▸ Activity
Take the line containing "Moonraker House Hotel" and each line after it through the end of the data below, and return them exactly, minus any pictures.

▸ The data
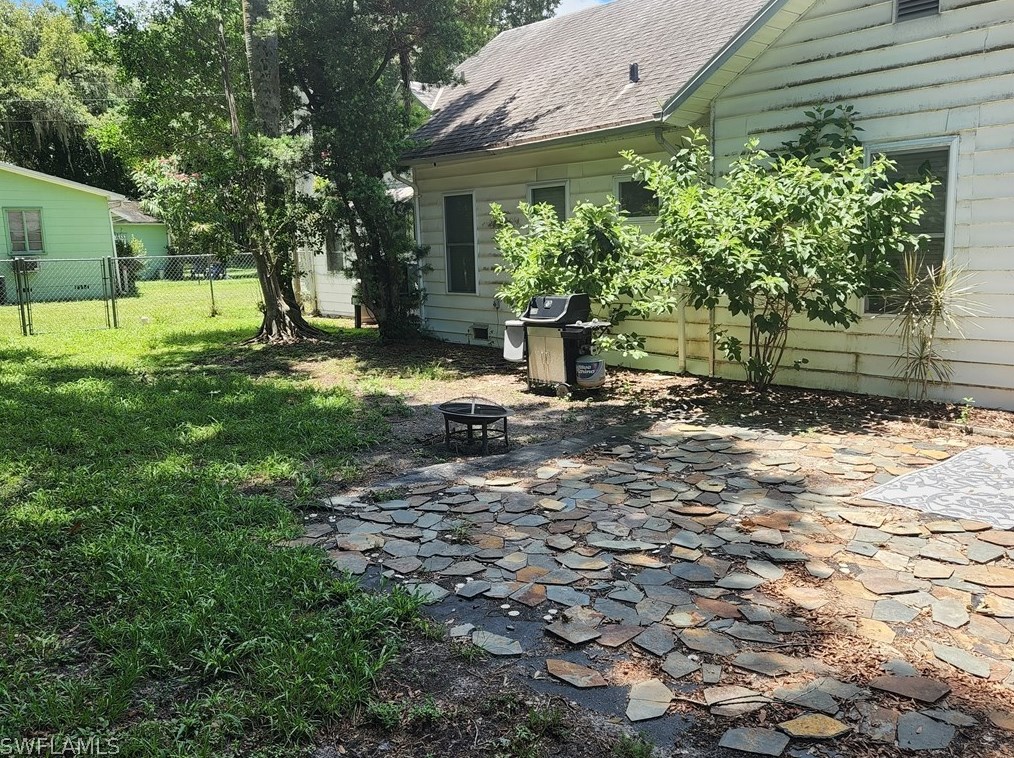 3522 Riverside Dr, Fort Myers, FL 33916-1118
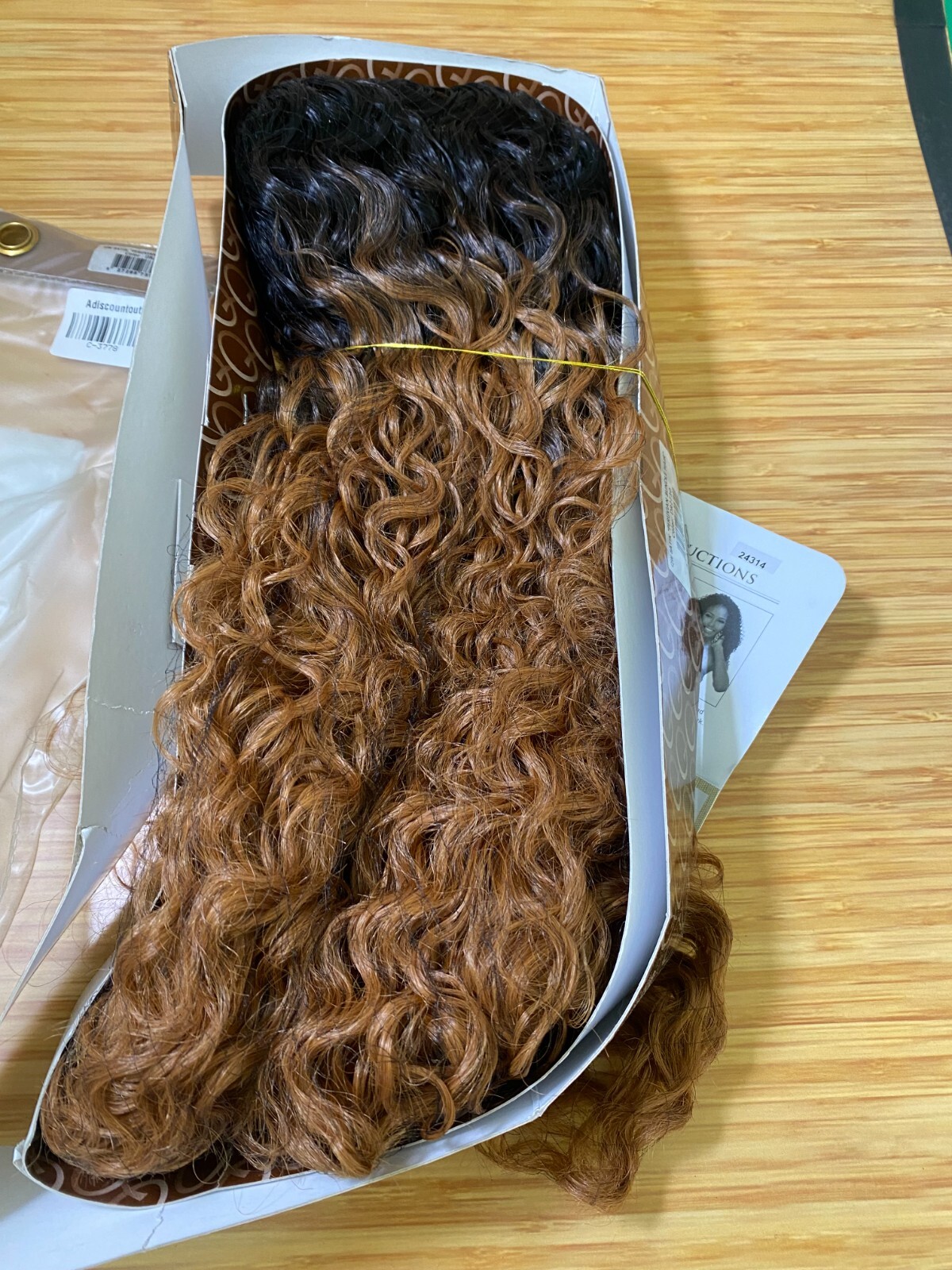 Outre Quick Weave Synthetic Half Wig – Peruvian-1 – Verstellbare Perücke Für Voluminöses Haar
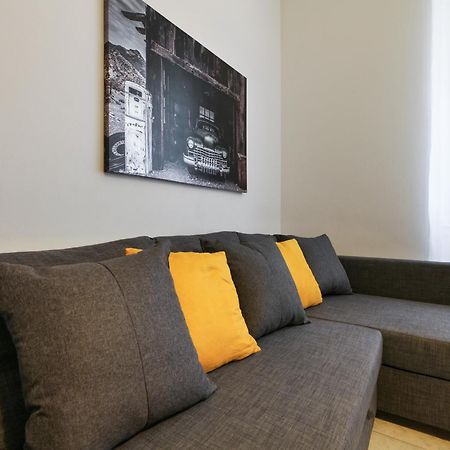Apartamento Primopiano - Brenta Milán Exterior foto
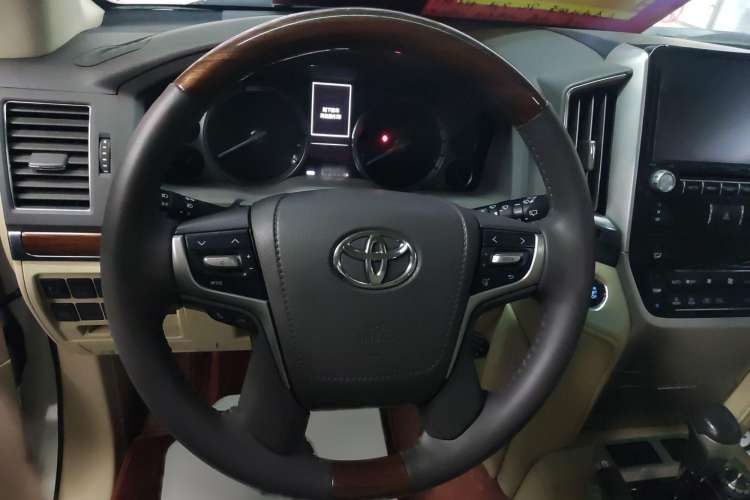 Used Toyota Land Cruiser (Parallel Import) 2016 5.7L Automatic/Manual Transmission EX-R Middle East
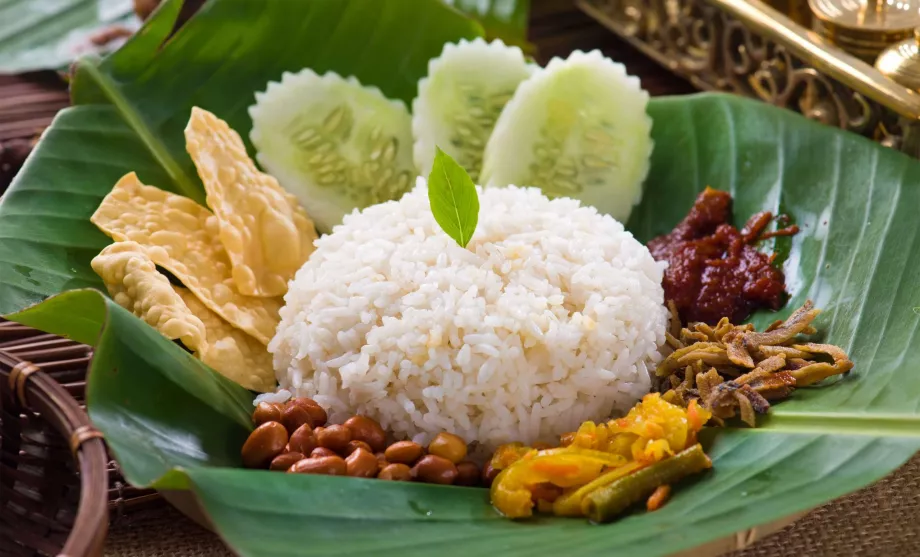 Cozinha indonésia - Nasi lemak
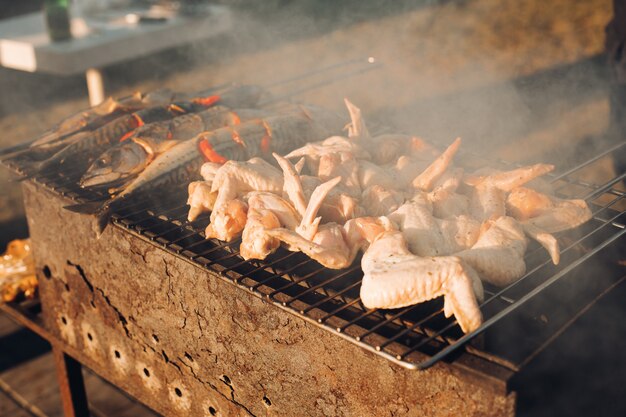 La barbacoa de cerdo, cocinada en parrilla de carbón a la parrilla es hermosa. La carne al fuego. La carne en las brasas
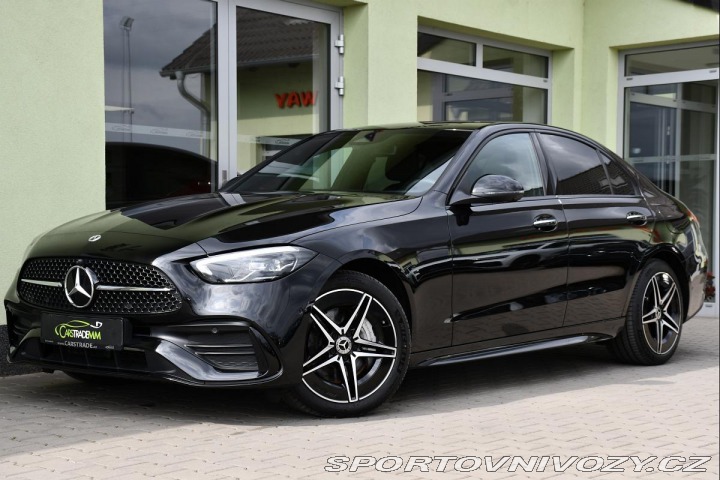 Mercedes-Benz C 400e 4M HYBRID PANO ZÁRUK 2023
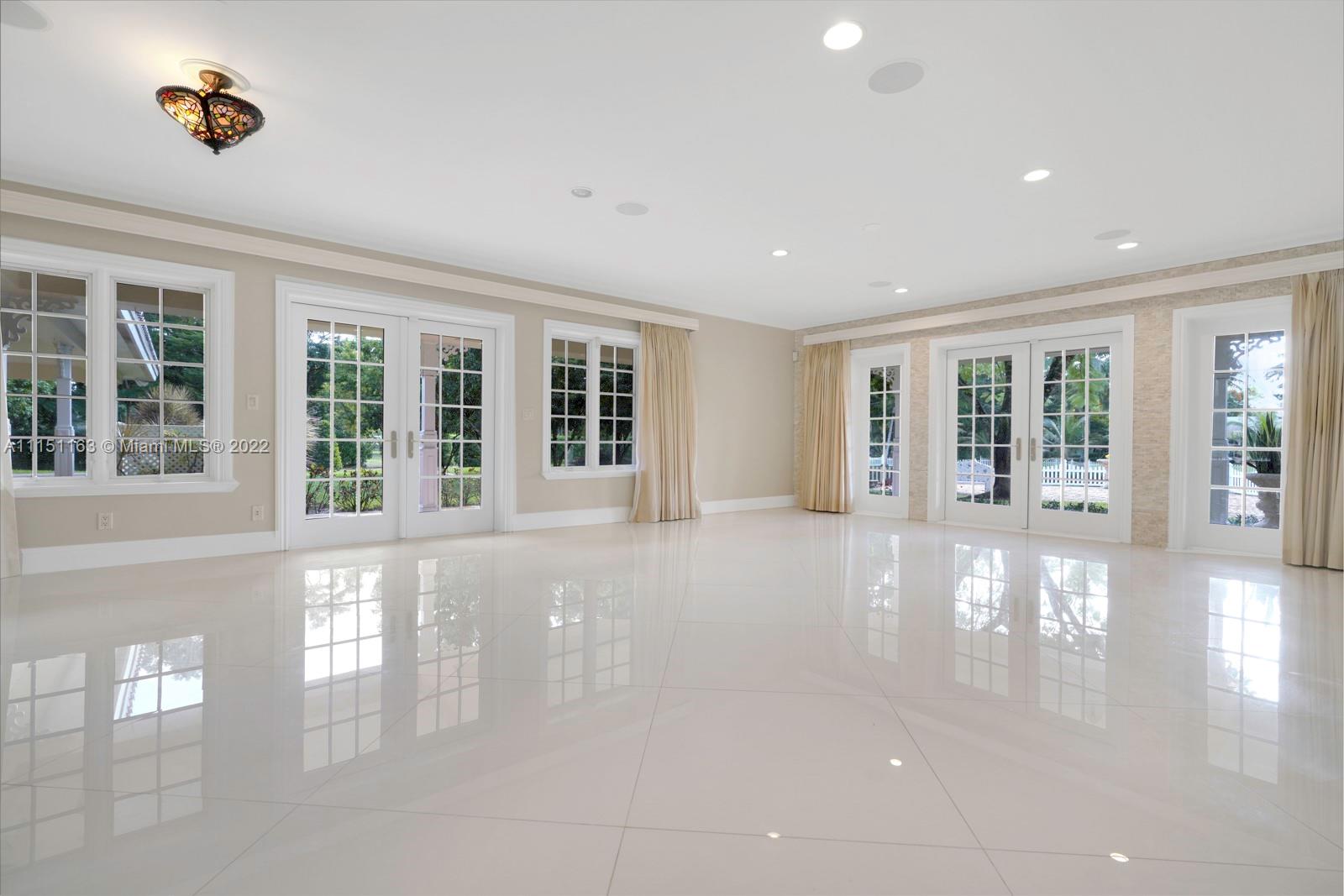 EVERGLADES SUGAR & LAND C - Residential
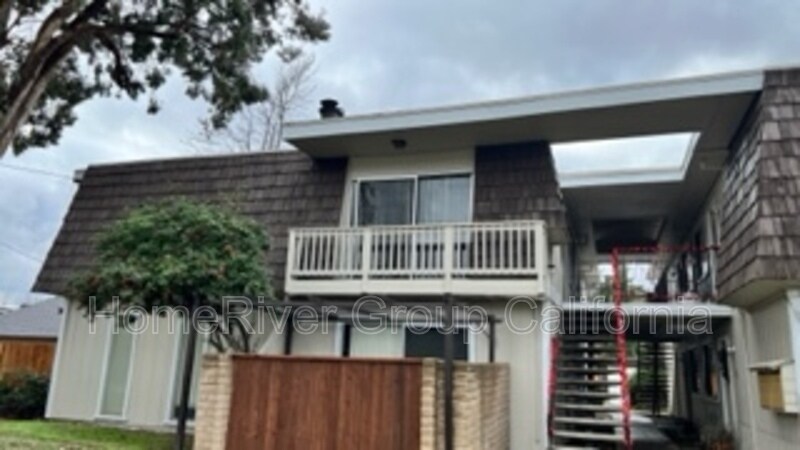 Building Photo - 1233 Dealynn St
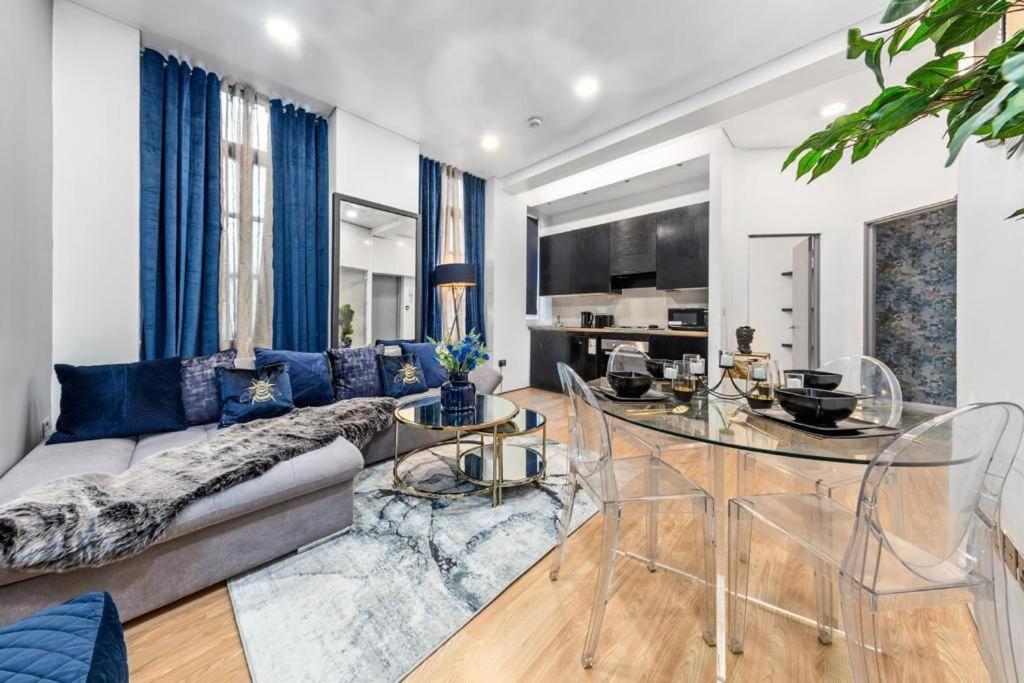 Two Bedroom Flat Right Opposite To Harrods Kb15 Londres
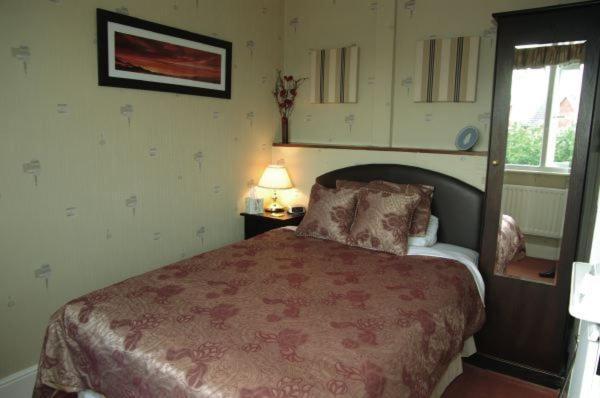 Moonraker House Hotel Stratford-upon-Avon Room photo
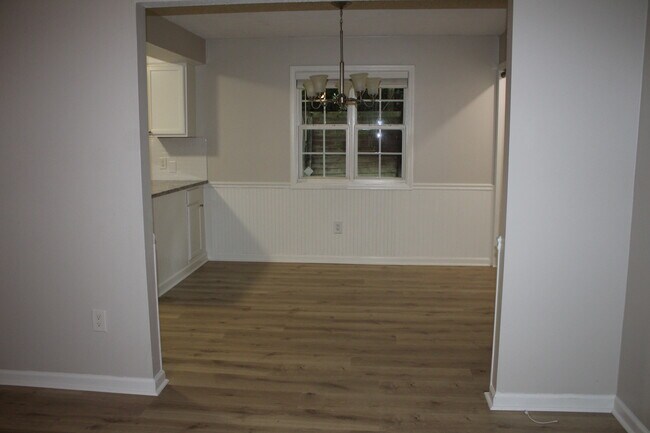 Building Photo - 963 Happy Hollow Rd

▸ Task answer
 Moonraker House Hotel Stratford-upon-Avon Room photo
 Building Photo - 963 Happy Hollow Rd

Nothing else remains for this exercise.